Short text fragments from websites
##########

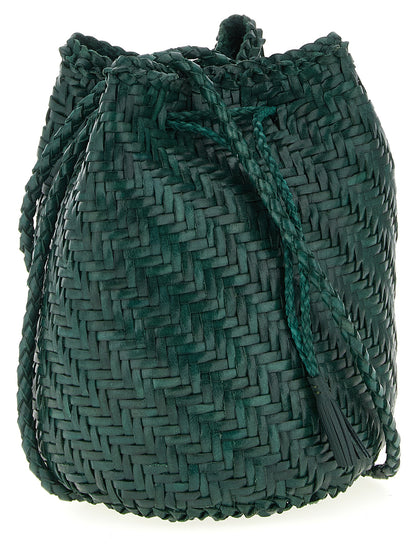 'Pompom Double Jump' bucket bag Crossbody bags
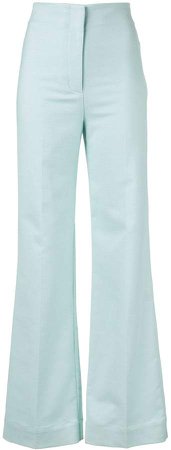 Manning Cartell high-waisted flared trousers
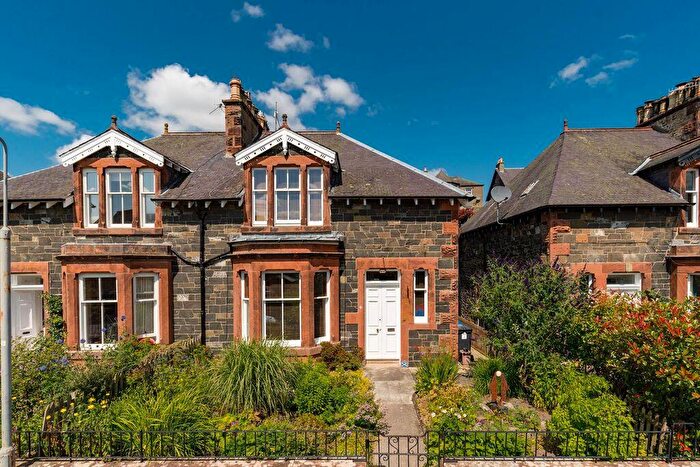 3 Bedroom Semi Detached House For Sale In Longwood, Wemyss Place, Peebles, EH45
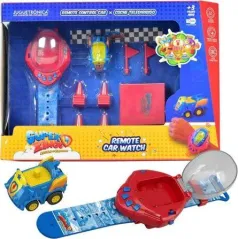 ZDALNIE STEROWANY ZEGARKIEM SAMOCHÓD AUTO + ZŁOTA FIGURKA SUPER ZINGS 3+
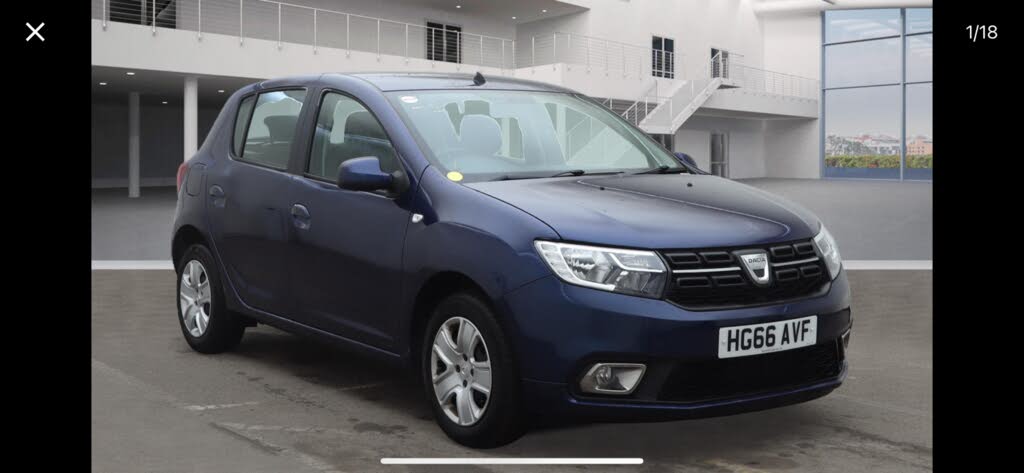 2017 Dacia Sandero 0.9 TCe Laureate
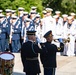 Danish Minister of Defence Morten Bødskov Participates in an Armed Forces Full Honors Wreath-Laying Ceremony at the Tomb of the Unknown Soldier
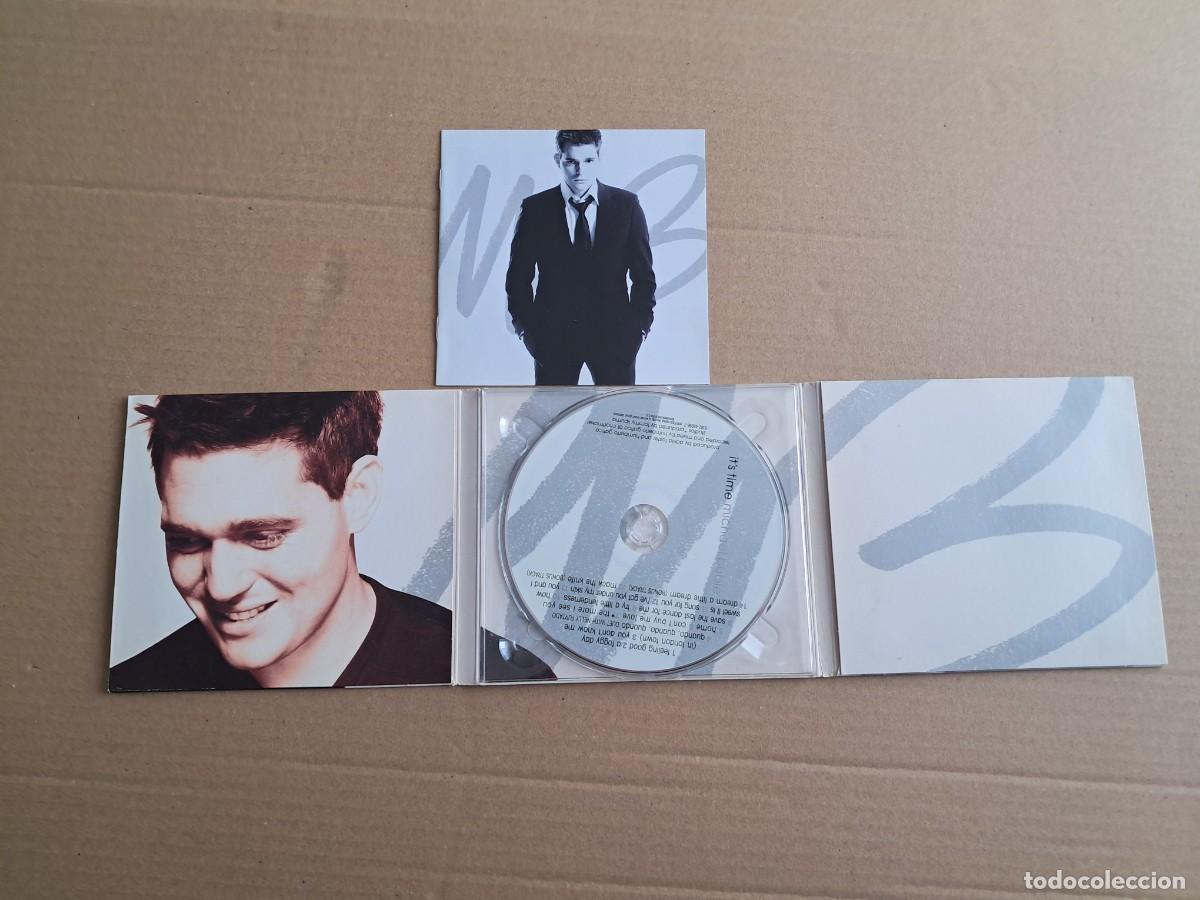 CDs de m&uacute;sica: MICHAEL BUBLE - IT&acute;S TIME CD DIGIPACK 2005 - Foto 3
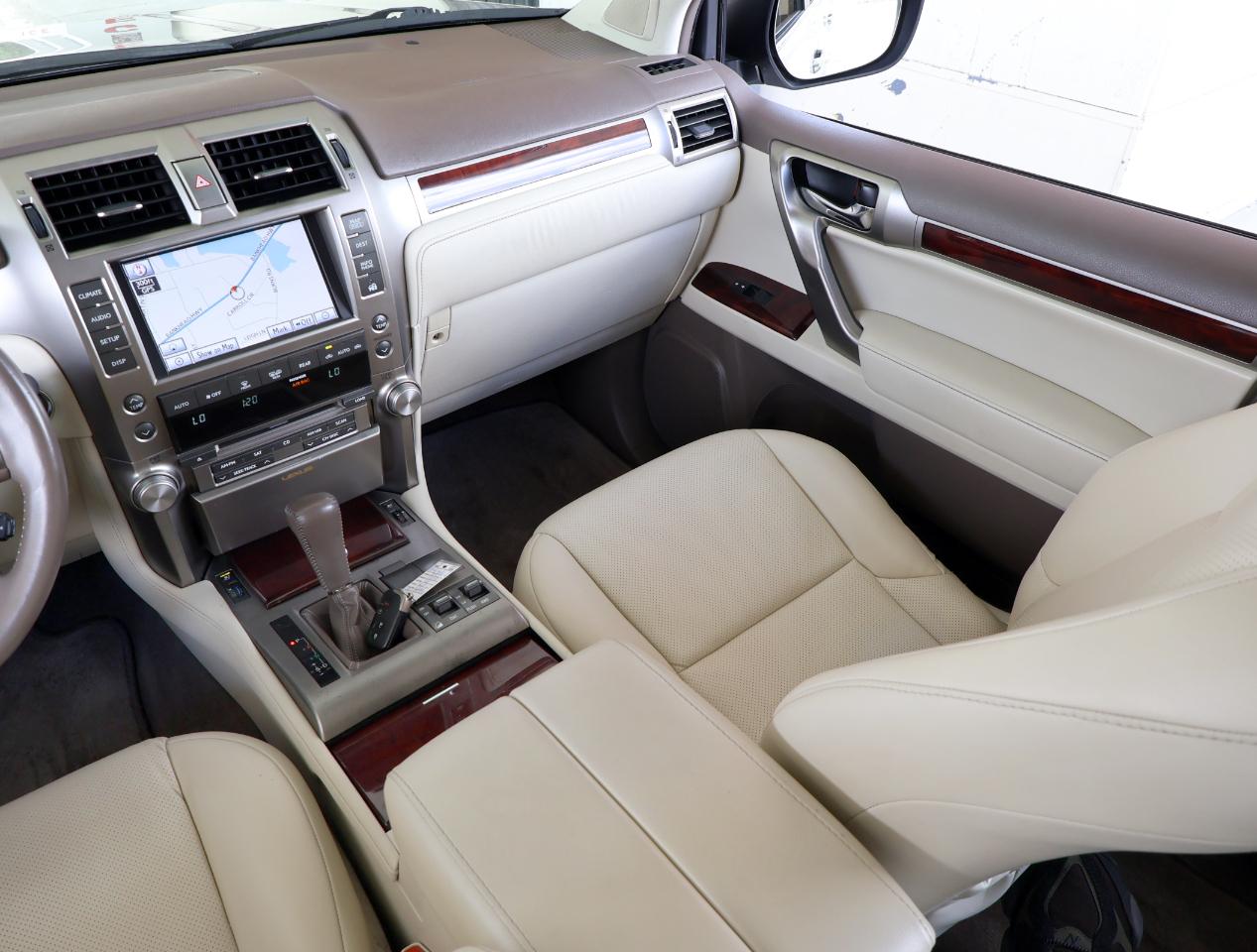 Lexus GX 460 4WD 4dr 2012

##########

» GOAL OF THE EXERCISE
Apart from the pictures, every line of the data above should be given again exactly.

» OUTPUT OF THE EXERCISE
 'Pompom Double Jump' bucket bag Crossbody bags
 Manning Cartell high-waisted flared trousers
 3 Bedroom Semi Detached House For Sale In Longwood, Wemyss Place, Peebles, EH45
 ZDALNIE STEROWANY ZEGARKIEM SAMOCHÓD AUTO + ZŁOTA FIGURKA SUPER ZINGS 3+
 2017 Dacia Sandero 0.9 TCe Laureate
 Danish Minister of Defence Morten Bødskov Participates in an Armed Forces Full Honors Wreath-Laying Ceremony at the Tomb of the Unknown Soldier
 CDs de m&uacute;sica: MICHAEL BUBLE - IT&acute;S TIME CD DIGIPACK 2005 - Foto 3
 Lexus GX 460 4WD 4dr 2012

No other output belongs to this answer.